■ **WORK ITEM**: The lines from the one with "An event space" through the last line of the material below, copied exactly and free of pictures, make up the whole answer.

■ **DATA SEGMENT**:
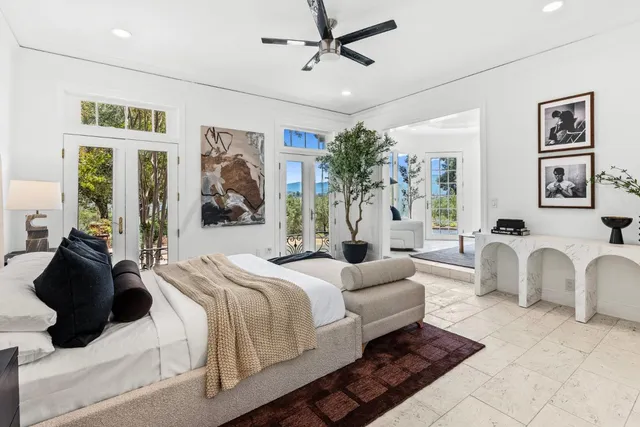 a bedroom with a large bed and a chandelier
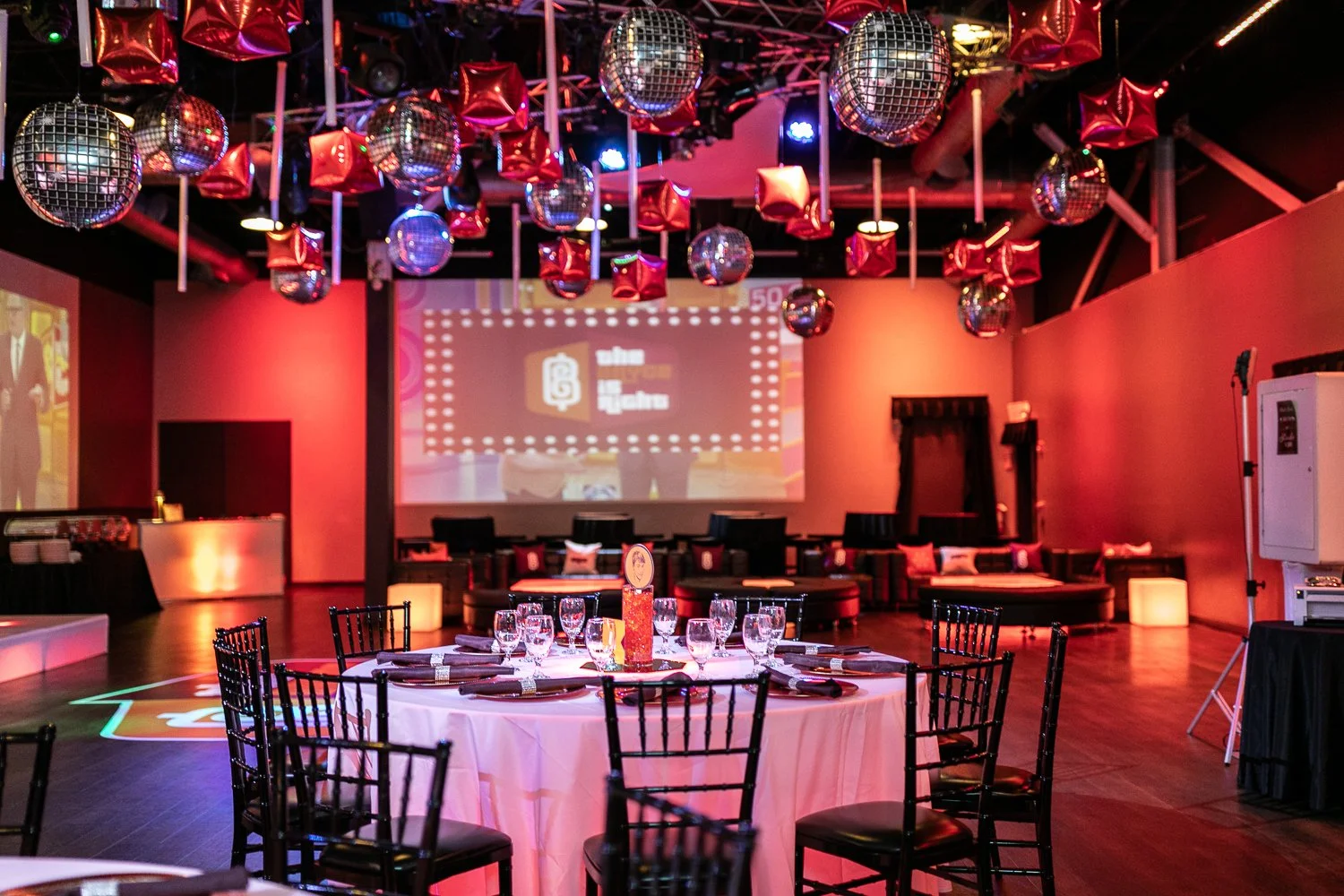 An event space with a large screen on the back wall displaying a logo, surrounded by red and silver balloons and disco balls hanging from the ceiling. The room has tables set with glassware and black chairs, with soft lighting creating a festive atmo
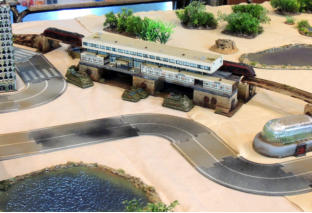 Hiroseki vehicles hiding behind the monorail station - the infantry are hidden inside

■ **ANSWER SECTION**:
 An event space with a large screen on the back wall displaying a logo, surrounded by red and silver balloons and disco balls hanging from the ceiling. The room has tables set with glassware and black chairs, with soft lighting creating a festive atmo
 Hiroseki vehicles hiding behind the monorail station - the infantry are hidden inside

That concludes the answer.